Part of the Gate/Beckett Festival, "Eh, Joe" is the centerpiece of three theatrical works by Nobel laureate Samuel Beckett (the other two are First Love adapted from his novella and I'll Go On a dramatization of three short narrative works). Written as a teleplay, "Eh, Joe" follows one man's long journey into night as he mentally recounts an incident from his youth. As he goes about securing his tiny decrepit apartment from imagined (sinister?) forces, we hear an accusing, seductive voice in his head. She (the malevolent voice is definitely a woman's) softly coos, "Is that enough; are you sure?" As the evening progresses the voice slowly becomes an instrument of torture as she recounts the suicide of one of Joe's former lovers (herself?).

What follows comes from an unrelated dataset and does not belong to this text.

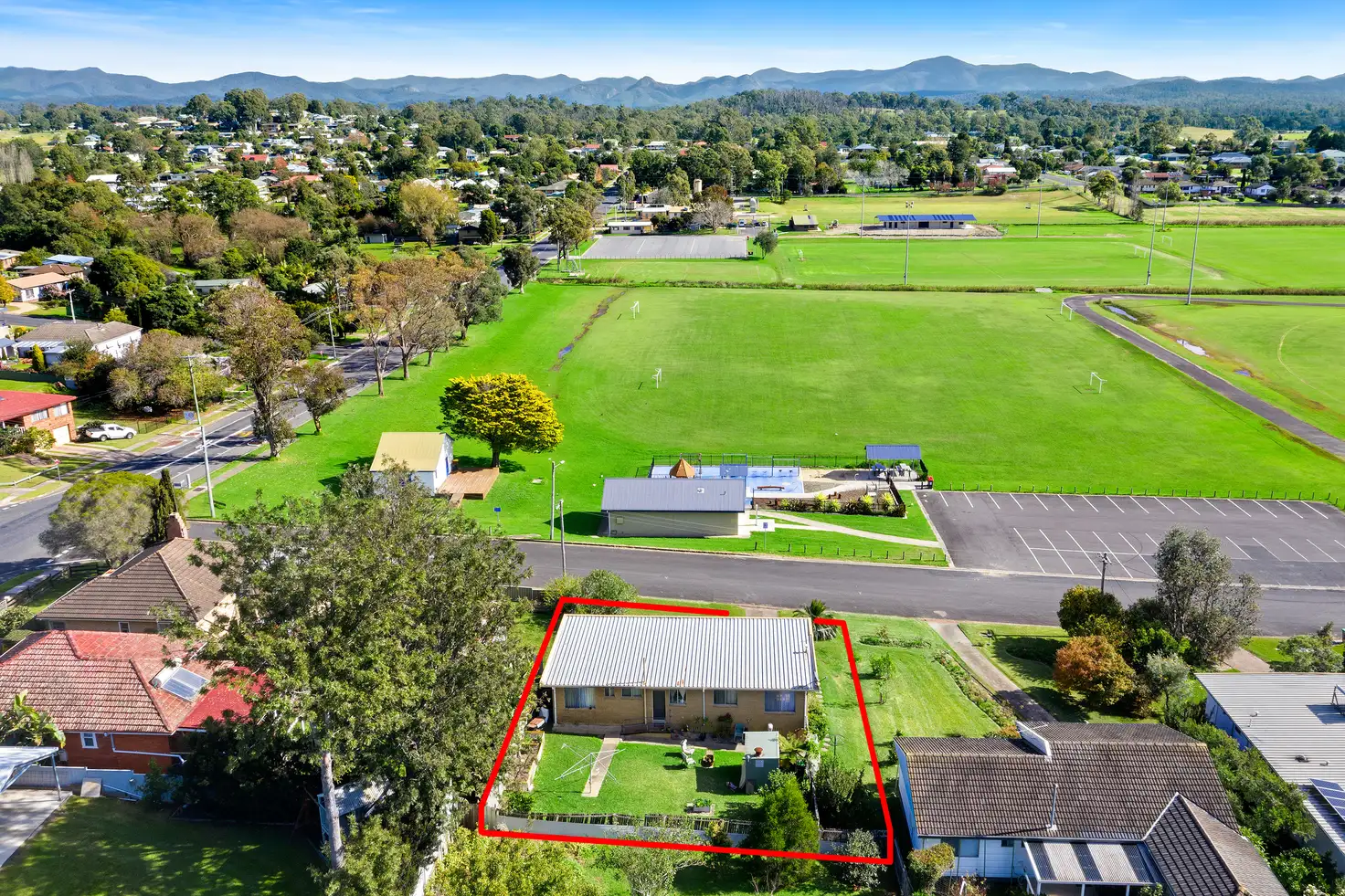 Main view of Homely house listing, 10 Evans Street, Moruya NSW 2537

With surgical precision, she slowly, deliberately makes Joe face the callous self-serving behavior of his life.
It doesn't sound very appealing yet in reality it was one of the most mesmerizing evenings in the theater in a very long time.

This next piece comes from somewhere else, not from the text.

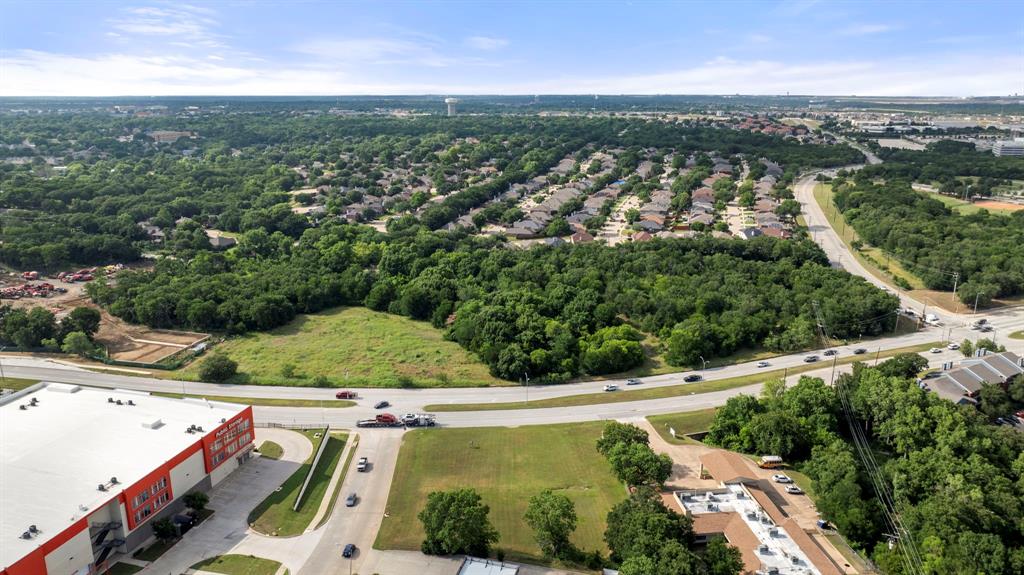 Post Oak Village Add - Land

As Joe, stage and film star Liam Neeson never says a word. He sits silently on his bed as the ominous monotone voice (Penelope Wilton) in his head takes inventory of his life. Yet, Canadian film/stage director Adam Egoyan has installed a camera in the wings which projects Neeson's every reaction onto a large screen stage left. A raised eyebrow, a grimace at a remembered slight, eyes watering up in pain are all captured with a merciless urgency. The entire show is basically one long masterly controlled reaction shot. The stage action is viewed through a scrim which further heightens the haunted psychological effect of the evening. Yet, Neeson's tour-de-force performance would not exist without Ms. Wilton's acid-dripped rendering of Beckett's text (they perversely reminded me of another doomed couple, Lord and Lady Macbeth). Adding James McConnell ghostly lighting design into the mix, this production of "Eh, Joe" disturbs one long after it ends.